» What the task asks: With the pictures left out, restate every entry word for word.

Image-caption web data:
((
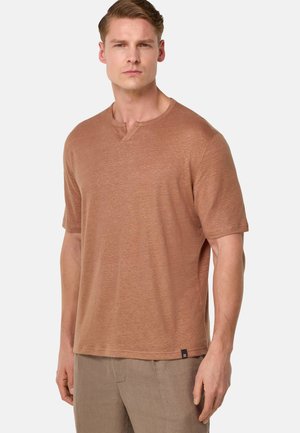 Camiseta de manga corta marrón con una textura sutil y escote en forma de V, hecha de una tela ligera. Presenta una etiqueta en el dobladillo.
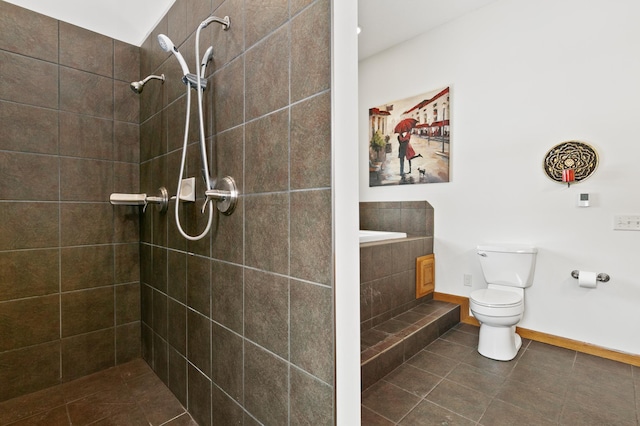 bathroom featuring a tile shower, tile patterned floors, and toilet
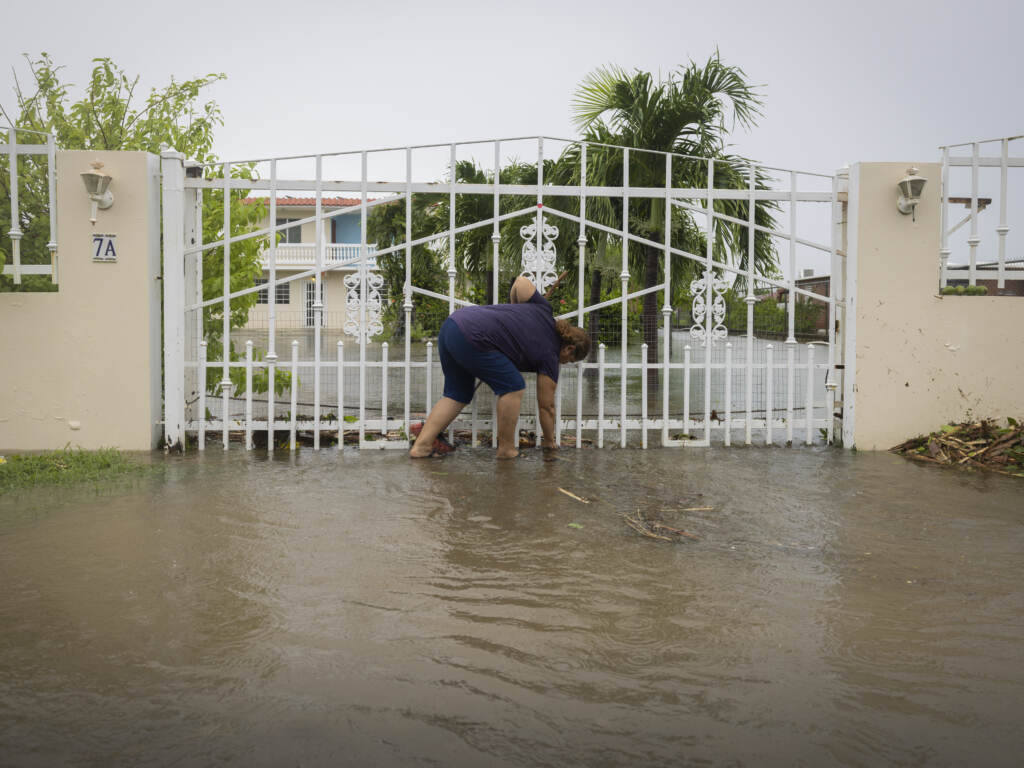 A woman clears debris on her property flooded by Hurricane Fiona in Salinas, Puerto Rico, Monday, Sept. 19, 2022. (Alejandro Granadillo/AP)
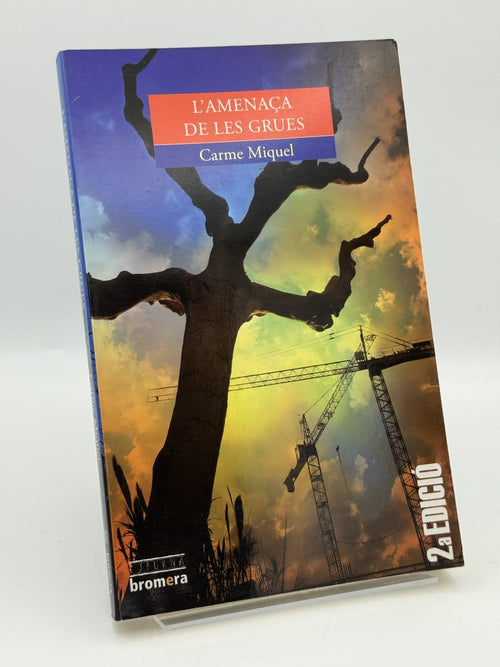 Portada de L'amenaça de les grues de Carme Miquel, libro de segunda mano
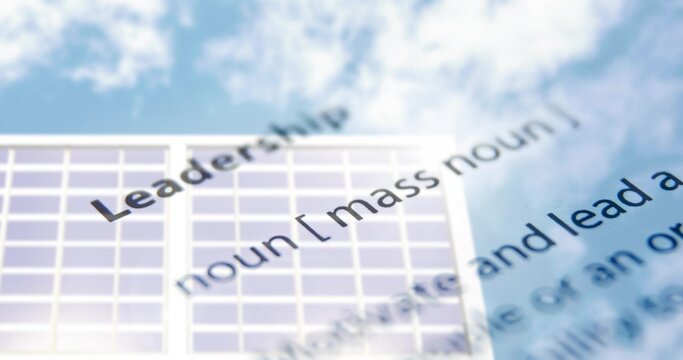 Displaying word Leadership running diagonally across frame at outdoor facade with grid panels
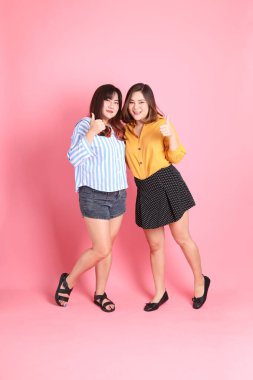 Pembe arka planda duran Asyalı mutlu kardeş..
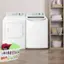 The image features a laundry room with two white washing machines and a dryer. The washing machines are placed next to each other, and the dryer is situated nearby. There is also a basket of laundry in the room, containing various items such as towels and clothes. The laundry room is well-organized, with the machines and dryer neatly arranged, making it an efficient space for doing laundry.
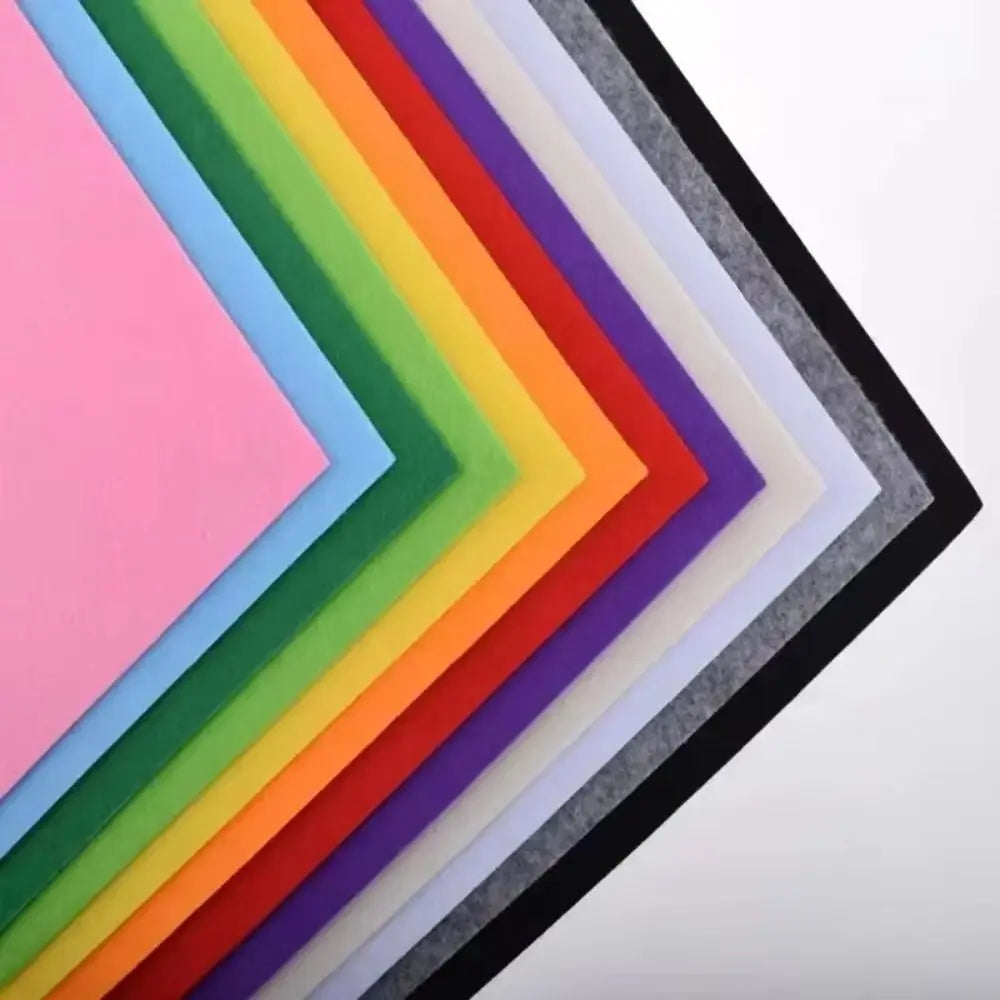 A collection of vibrant felt fabric sheets in a rainbow gradient displayed in a framed arrangement.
))
» Reply to the task:
 Camiseta de manga corta marrón con una textura sutil y escote en forma de V, hecha de una tela ligera. Presenta una etiqueta en el dobladillo.
 bathroom featuring a tile shower, tile patterned floors, and toilet
 A woman clears debris on her property flooded by Hurricane Fiona in Salinas, Puerto Rico, Monday, Sept. 19, 2022. (Alejandro Granadillo/AP)
 Portada de L'amenaça de les grues de Carme Miquel, libro de segunda mano
 Displaying word Leadership running diagonally across frame at outdoor facade with grid panels
 Pembe arka planda duran Asyalı mutlu kardeş..
 The image features a laundry room with two white washing machines and a dryer. The washing machines are placed next to each other, and the dryer is situated nearby. There is also a basket of laundry in the room, containing various items such as towels and clothes. The laundry room is well-organized, with the machines and dryer neatly arranged, making it an efficient space for doing laundry.
 A collection of vibrant felt fabric sheets in a rainbow gradient displayed in a framed arrangement.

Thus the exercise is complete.